Они направились к командному пункту, как вдруг оттуда навстречу им вышел Смуров. Его сопровождали два рослых лейтенанта, вида неприветливого и даже агрессивного. Офицеры привычно козырнули друг другу, и друзья попытались обойти Смурова, но тот заступил им дорогу таким образом, что они вынуждены были остановиться.

— Опять ты? — зло бросил Алексей, поскольку и без того находился в скверном расположении духа.

— Я, собственной персоной, — сухо подтвердил Смуров. Он махнул рукой провожатым; те, окинув Вересова и Арояна недоброжелательными взглядами, прошли вперед к поджидавшей их машине.

— Смуров, здесь, между прочим, бомбят и стреляют, не боишься? — язвительно поддел Алексей.

— Я как-то говорил тебе, что я не трус, и никогда им не был, — ровным голосом отозвался Смуров.

Сегодня в его лице не было и тени высокомерия, напротив, оно словно окаменело и не выражало никаких эмоций.

— И вы здесь, князь? — с холодностью обратился он к Вазгену. — Вас просто водой не разольешь!

— Какой я тебе князь? — нахмурился Вазген. — Ты за словами следи, не заговаривайся.

— Какой князь? Да самый настоящий. Пытаешься сделать вид, что впервые об этом слышишь? Можешь морочить голову другим, но меня ты не проведешь. Я как-то покопался на досуге в твоей родословной. Отец твой был дворянин, офицер царской армии, погиб в Первую мировую в сражении с турками под Мердеником, а мать твоя — чистокровная княжна из древнего рода Багратидов, среди которых, к твоему сведению, были даже армянские цари.

— Ты что несешь? — сразу вспылил Вазген. — Моя мать — простая учительница в школе, а отца я и вовсе не видел.

— Правильно, родительница твоя сейчас учит детей в советской школе, только, прежде чем вступить на это благородное поприще, она окончила Варшавский университет, что простому труженику в те времена было не по статусу и не по карману. Ты тоже неплохо замаскировался — коммунист, офицер Красной Армии, старший лейтенант ВМФ, к тому же кавалер ордена Красной Звезды.

— Мне этот орден дали не за красивые глаза! Врешь ты все, Смуров! Ты всегда был клеветником и интриганом. Зря мы тогда не удавили тебя, как щенка! Но не радуйся, это и сейчас не поздно исправить!

Еще немного, и он бы бросился на Смурова. Алексей встал между ними:

— Не утруждай себя, брат. Я с ним сам разберусь. Предупреждаю, Смуров: будешь копать под моего друга и устраивать провокации, я не посмотрю на твое звание и должность, пристрелю у всех на глазах. Пусть меня потом судят, зато мир избавится от такой сволочи как ты!

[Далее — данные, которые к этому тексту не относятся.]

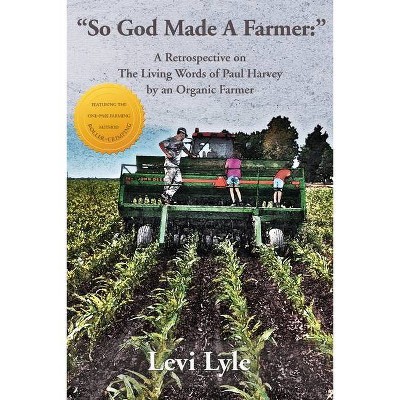 So God Made A Farmer - by  Levi Lyle (Paperback)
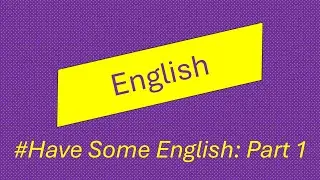 Have Some English Part 1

Смуров бросил на него острый взгляд, его застывшая маска на миг исказилась уже знакомой Алексею странной судорогой, после чего он, не добавив больше ни слова, обошел друзей и удалился. Ароян и Вересов смотрели вслед его высокой, прямой фигуре, в которой, несмотря на род его деятельности, чувствовалась отличная военная выправка, и каждый знал, о чем думает другой.

— Тьфу, мать твою!.. — выругался Вересов. — Что ж это за день сегодня такой?! То одного подмывает шлепнуть, то другого. Будто сговорились! А ты его болтовни в голову не бери. Ясно, что он хочет отыграться на нас за прошлое. Больной ублюдок! Только я не шучу. Что сказал, то и сделаю. Будет лезть на рожон, и вправду пристрелю.

Вазген, однако, по дороге в госпиталь впал в задумчивость и с трудом отвечал Алексею. Тот, заметив его рассеянность, в конце концов замолчал. Он догадывался, какие мысли мучили Вазгена, но при водителе затрагивать опасную тему остерегался. Лишь когда они вышли из машины в деревне Ириновка и пошли к госпиталю, Алексей спросил:

— Ну, и какие мировые проблемы мы решаем? Я вижу, этот негодяй добился своей цели и выбил тебя из колеи.